Archive for the ‘servers’ Category

h1

Dell MD3000 Multipath on Debian

December 16, 2009

We are in the process of deploying some new infrastructure to store the 150+GB of new content (media only, not including text) uploaded to WordPress.com daily.

WordPress.com data in GB

After some searching and testing, we have decided to use the open source software MogileFS developed in part by our friends at Six Apart. Our initial deployment is going to be 180TB of storage in a single data center and we plan to expand this to include multiple data centers in early 2010. In order to get that amount of storage affordably, the options are limited. We thought about building Backblaze devices, but decided that the ongoing management of these in our hosting environment would be prohibitively complicated. We eventually settled on Dell’s MD PowerVault series. Our configuration consists of:

  • 4 x Dell R710 ( 32GB RAM/2 x Intel E5540/2 x 146GB SAS RAID 1)
  • 4 x Dell MD3000 (15 x 1TB 7200 RPM HDD each)
  • 8 x Dell MD1000 (15 x 1TB 7200 RPM HDD each)

Each Dell R710 is connected to a MD3000 and then 2 MD1000s are connected to each MD3000. The end result is 4 self-contained units, each providing 45TB of storage for a total of 180TB.

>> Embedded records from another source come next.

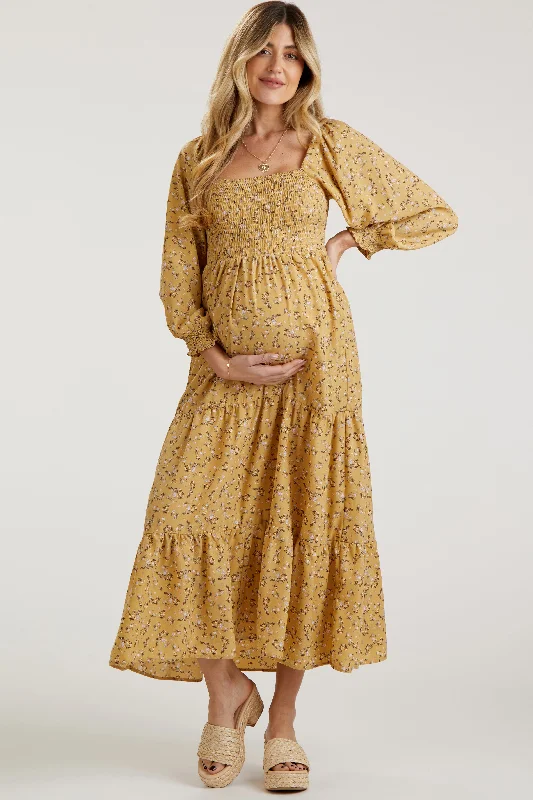 Maternity dress for a baby's dedication Yellow Floral Smocked Long Sleeve Maternity Maxi Dress Maternity dress for a baby's dedication Yellow Floral Smocked Long Sleeve Maternity Maxi Dress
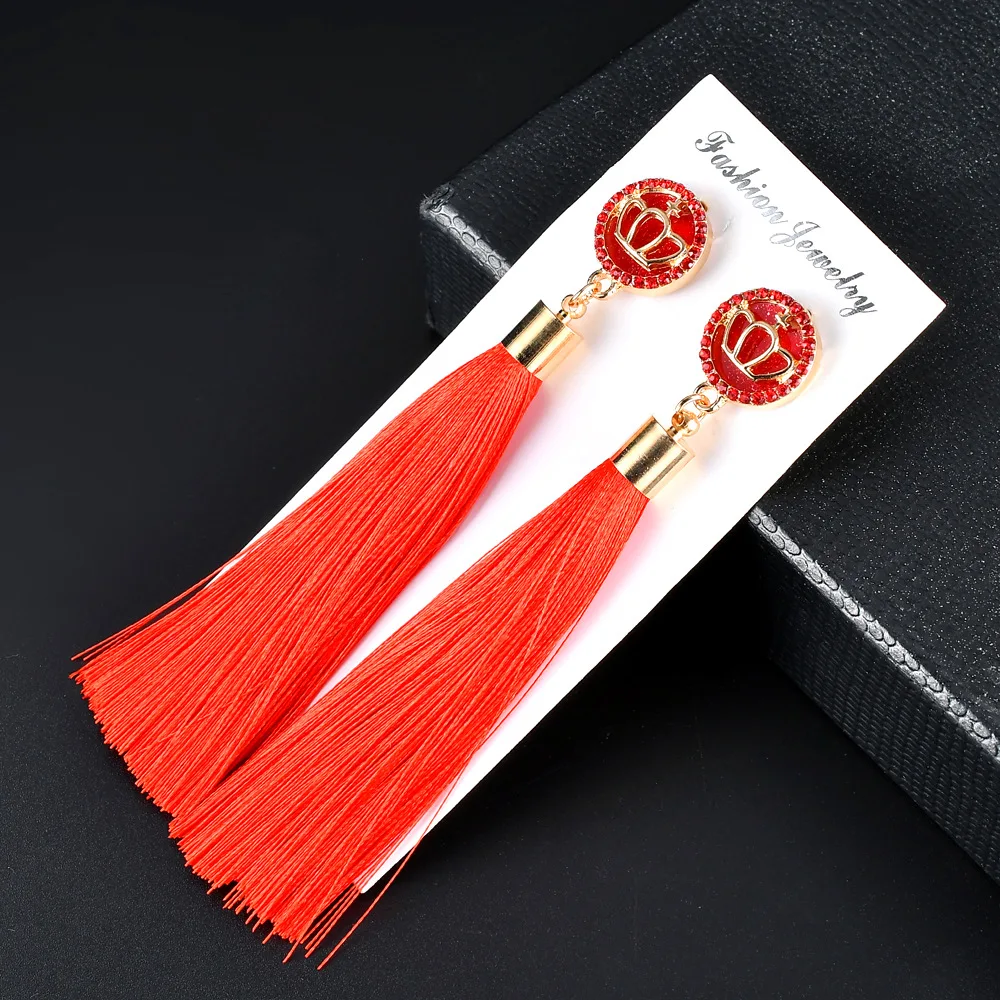 Женские серьги с кисточками длинные из хлопка и шелка 2019|Серьги-подвески| |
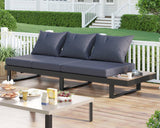 NEW PaPaJet Aluminum Soft Modern Outdoor Patio Sofa with Wood Grain Plastic Top Side Table for Backyard Poolside Porch, Grey, Retails $369+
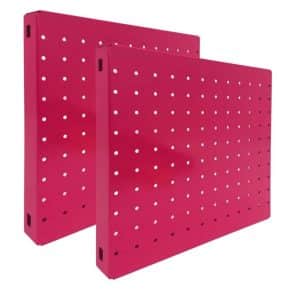 PROREGAL Doppelpack 2x Memoboard aus Stahl Gelocht HxBxT 30 x 30 x 3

Illustration by Joe Rodriguez

Our proof of concept was deployed on a single Dell 2950 connected to a MD1000 and things worked relatively flawlessly. We could use all of our existing tools to monitor, manage, and configure the devices when needed. Little did I know the MD3000s were so much of a pain :) Since we are using MogileFS which handles the distribution of files across various hosts and devices, we wanted these devices setup in what I thought was a relatively simple JBOD configuration. Each drive would be exported as a device to the OS, then we would mount 45 devices per machine and MogileFS would take care of the rest. Didn’t exactly work that way.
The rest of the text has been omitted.